## WHAT THE TASK REQUIRES
The data must be given again exactly as written, with all images omitted.

*** DATA Section Begins ***

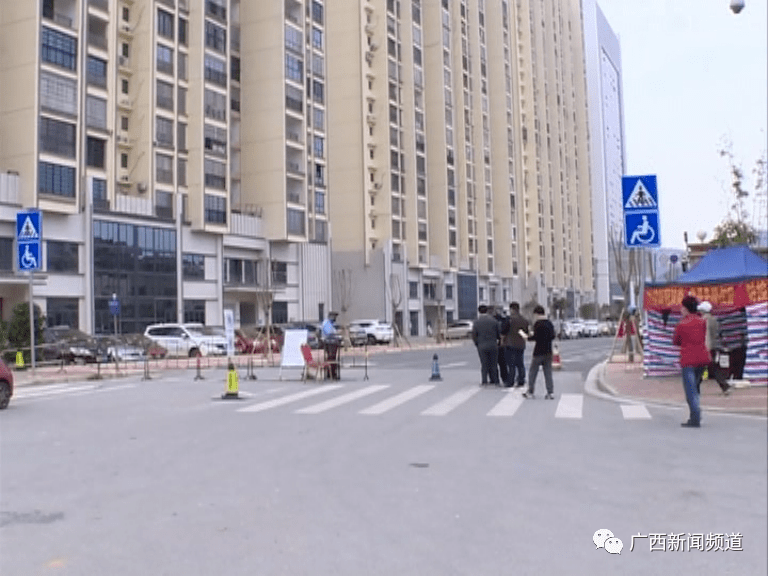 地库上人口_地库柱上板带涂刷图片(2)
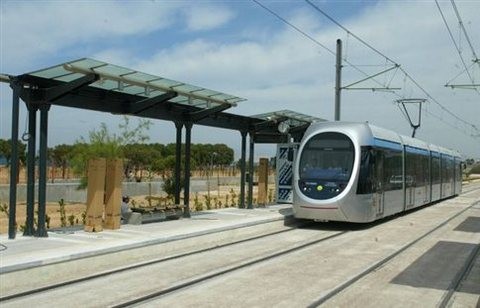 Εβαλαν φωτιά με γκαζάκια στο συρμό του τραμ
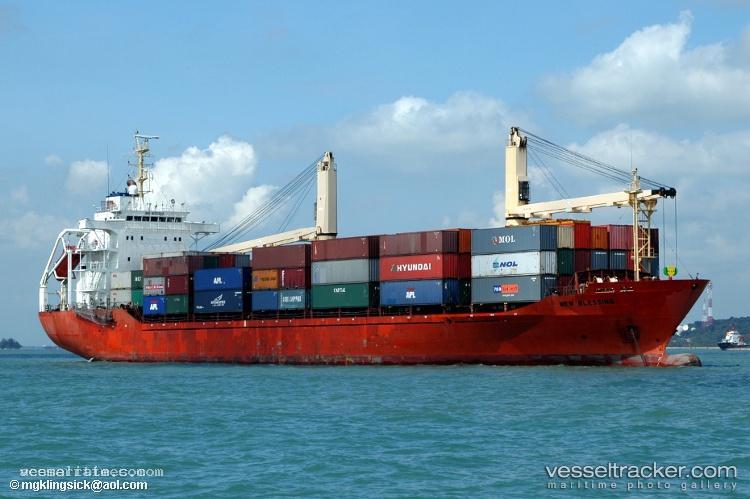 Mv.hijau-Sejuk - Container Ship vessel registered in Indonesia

*** DATA Section Ends ***

## SOLUTION TO THE PROBLEM
 地库上人口_地库柱上板带涂刷图片(2)
 Εβαλαν φωτιά με γκαζάκια στο συρμό του τραμ
 Mv.hijau-Sejuk - Container Ship vessel registered in Indonesia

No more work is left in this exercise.